Although VDVQ procedures offer an improvement over the previously mentioned methods with regard to the accuracy with which the harmonic magnitudes are encoded, in addition to the difficulties encountered when using certain distance measures to optimize the codebook, the rounding function included in the determination of the index relationship introduces errors that ultimately degrade the quality of the synthesized speech.

BRIEF SUMMARY

Improved variable dimension vector quantization-related (“VDVQ-related”) processes have been developed that not only provide improvements in quality over existing VDVQ processes but can be applied to a wider variety of circumstances. More specifically, the improved VDVQ-related processes provide quality improvements in codebook generation and the quantization of harmonic magnitudes, and facilitate codebook generation or optimization for a broad range of distortion measures, including those that would involve inverting a singular matrix using known centroid computation techniques.
The improved VDVQ-related processes include, improved methods for extracting an actual codevector from a codevector, improved methods for codebook optimization, improved VDVQ procedures, improved methods for creating an optimum partition, and improved methods for harmonic coding. Additionally, these improved VDVQ-related processes can be implemented in software and various devices, either alone or in any combination. The various improved VDVQ-related devices include variable dimension vector quantization devices, optimum partition creation devices, and codebook optimization devices. The improved VDVQ-related processes can be further implemented into an improved harmonic coder that encodes the original speech signal for transmission or storage.
The improved VDVQ-related processes are based on improvements in the way in which actual codevectors are extracted from the codevectors in a codebook and improvements in the way in which codebooks are generated and optimized. In general, the methods for optimizing codebooks include determining the optimum codevectors using the principles of gradient-descent. By using the principles of gradient-descent, the problems associated with inverting singular centroid matrices are avoided, therefore, allowing the codevectors to be optimized for a greater collection of distance measures. In contrast, the improved methods for extracting an actual codevector from a codevector, in general, redefine the index relationship and use interpolation to determine the actual codevector elements when the index relationship produces a non-integer value. By using interpolation to determine the actual codevector elements, greater accuracy is achieved in coding and decoding the harmonic magnitudes of an excitation because the accuracy of the partitions used in creating the codebook is increased, as well as the accuracy with which the harmonic magnitudes are quantized.
In order to test the performance of the improved VDVQ related processes, improved VDVQ quantizers having a variety of dimensions and resolutions were created, tested and the results of the testing were compared with those resulting from similar testing of quantizers implementing various known harmonic magnitude modeling and/or quantization techniques. Experimental results comparing the performance of these improved VDVQ quantizers to the performance of the various known quantizers demonstrated that the improved VDVQ quantizers produce the lowest average spectral distortion under the tested conditions. In fact, the improved VDVQ quantizers demonstrated a lower average spectral distortion than quantizers implementing a known constant magnitude approximation without quantization and quantizers implementing a known partial harmonic magnitude technique without quantization. Additionally, the improved VDVQ quantizers outperformed quantizers based on the known HVXC coding standard implementing a known variable to fixed conversion technique, as well as quantizers obeying the basic principles of a known VDVQ procedure, where the improved VDVQ quantizers had a comparable complexity, or only a moderate increase in computation, respectively.

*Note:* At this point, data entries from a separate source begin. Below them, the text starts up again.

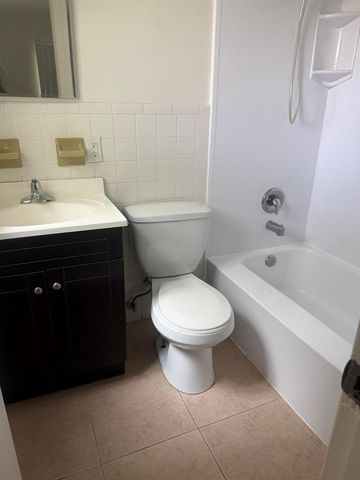 1151 NE 26th Avenue, Pompano Beach, FL 33062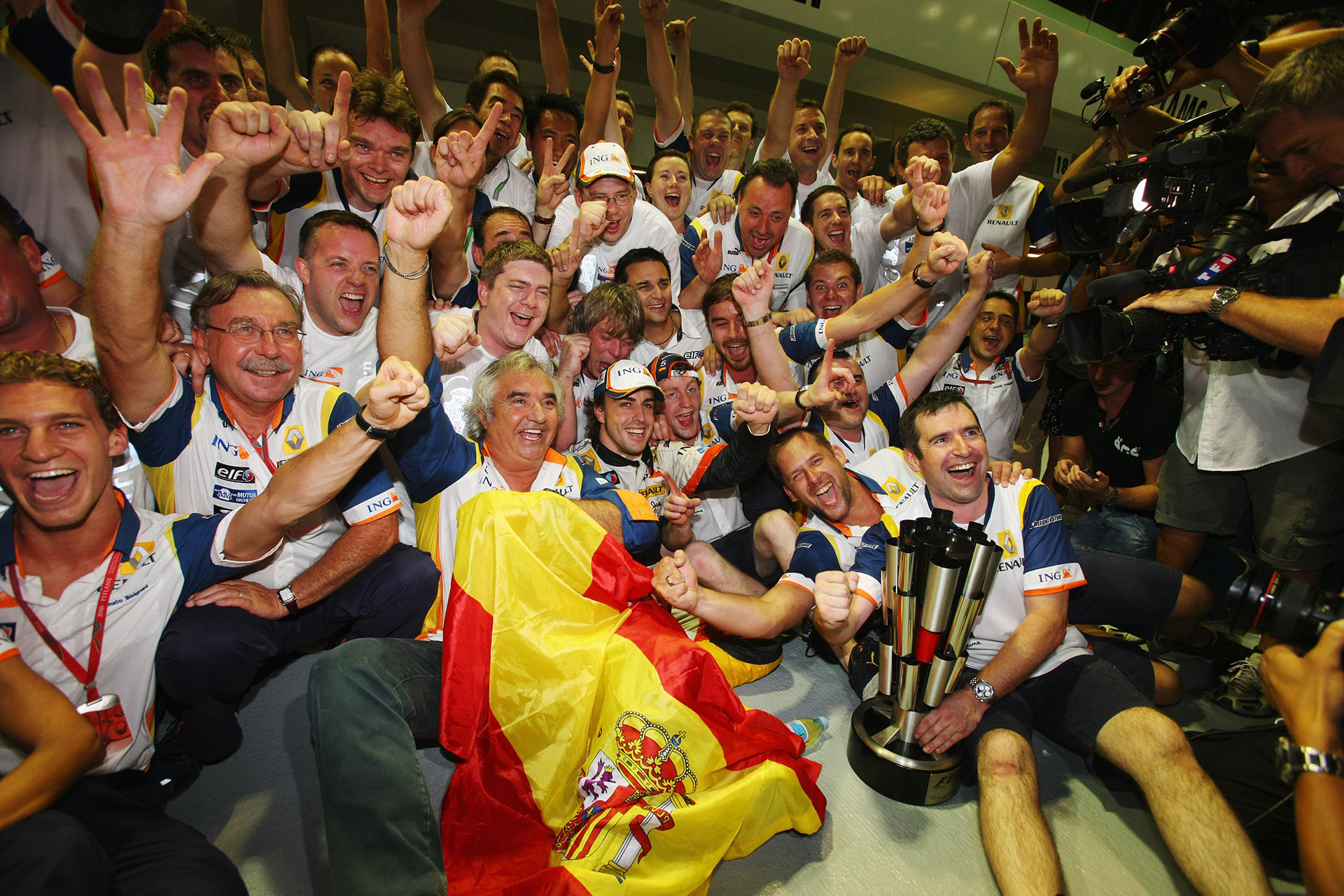 El festejo de Renault tras el triunfo de Alonso. Detrás suyo, a su izquierda, sonríe Nelsinho Piquet (Getty)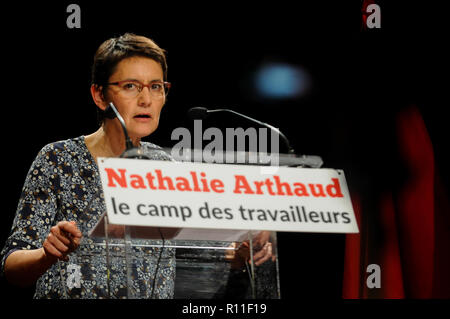 Nathalie Arhaud, Führer der Linken Partei Lutte Ouvriere - Kampf der Arbeiterklasse Partei - Gespräche in Venissieux, Frankreich Stockfoto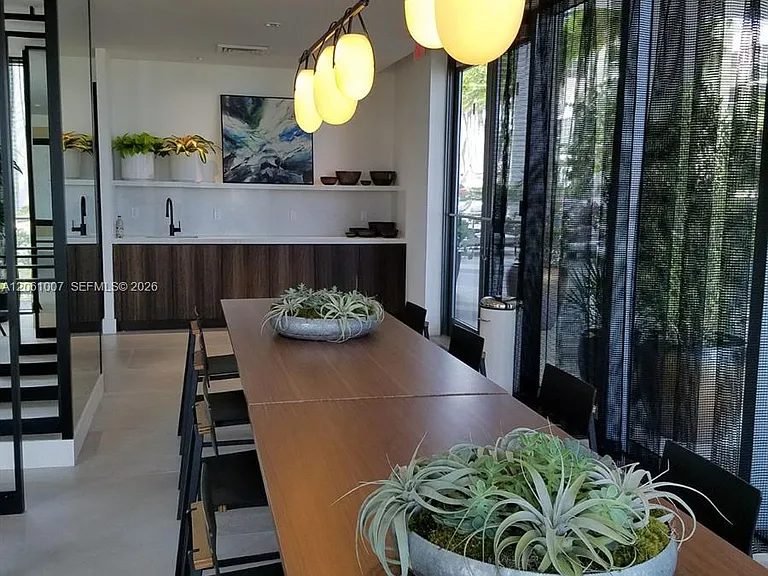 121 34th St #1702 — Photo 14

BRIEF DESCRIPTION OF THE DRAWINGS

This disclosure may be better understood with reference to the following figures and detailed description. The components in the figures are not necessarily to scale, emphasis being placed upon illustrating the relevant principles. Moreover, like reference numerals in the figures designate corresponding parts throughout the different views.
FIG. 1 is flow chart of a harmonic analysis process, according to the prior art;
FIG. 2 is a flow chart of a generalized Lloyd algorithm for optimizing a codebook, according to the prior art;
FIG. 3 is a flow chart of a variable dimension vector quantization procedure, according to the prior art;
FIG. 4 is a flow chart of a method for extracting an actual codevector from a codevector in a codebook, according to the prior art;
FIG. 5 is a graph of codevector indices as a function of pitch period, according to the prior art;
FIG. 6 is a flow chart of an embodiment of an improved method for extracting an actual codevector from a codevector in a codebook;
FIG. 7 is a flow chart of an embodiment of a method for creating an optimum partitioning for a codebook;
FIG. 8 is a flow chart of an embodiment of an improved variable dimension vector quantization procedure;
FIG. 9 is a flow chart of an embodiment of an improved method for codebook optimization;
FIG. 10 is a flow chart of an embodiment of a method for updating current optimum codevectors using gradient-descent;
FIG. 11 is a flow chart of an embodiment of an improved method for harmonic coding; (In Box 910: VDVQ for the present case is only applied to the harmonic magnitudes, the other parameters use other (undefined) quantization methods).
FIG. 12A is a graph of the spectral distortion resulting from the training data set quantized using an improved VDVQ quantizer as a function of quantizer resolution and according to codevector dimension;
FIG. 12B is a graph of the spectral distortion resulting from the testing data set quantized using an improved VDVQ quantizer as a function of quantizer resolution and according to codevector dimension;
FIG. 13A is a graph of the spectral distortion resulting from the training data set quantized using an improved VDVQ quantizer as a function of codevector dimension and according to quantizer dimension;
FIG. 13B is a graph of the spectral distortion resulting from the testing data set quantized using an improved VDVQ quantizer as a function of codevector dimension and according to quantizer dimension;
FIG. 14A is a graph of the difference in spectral distortion (ASD) resulting from the training data set quantized using an improved VDVQ quantizer and the training data set quantized using a known VDVQ quantizer as a function of quantizer resolution and according to codevector dimension;
FIG. 14B is a graph of the difference in spectral distortion (ΔSD) resulting from the testing data set quantized using an improved VDVQ quantizer and the training data set quantized using a known VDVQ quantizer as a function of quantizer resolution and according to codevector dimension;
FIG. 15A is a graph of the spectral distortion resulting from the training data set quantized using an improved VDVQ quantizer and modeled and/or quantized using various other models and quantizers as a function of quantizer resolution and according to codevector dimension;
FIG. 15B is a graph of the spectral distortion resulting from the testing data set quantized using an improved VDVQ quantizer and modeled and/or quantized using various other models and quantizers as a function of quantizer resolution and according to codevector dimension;
FIG. 16 is a block diagram of an improved VDVQ device; and
FIG. 17 is a block diagram of an optimized harmonic coder.

DETAILED DESCRIPTION

Improved variable dimension vector quantization-related (“VDVQ-related”) processes have been developed that not only provide improvements in quality over existing VDVQ processes but can be applied to a wider variety of circumstances. More specifically, the improved VDVQ-related processes provide quality improvements in codebook generation and the quantization of harmonic magnitudes, and facilitate codebook generation or optimization for a broad range of distortion measures, including those that would involve inverting a singular matrix using known centroid computation techniques.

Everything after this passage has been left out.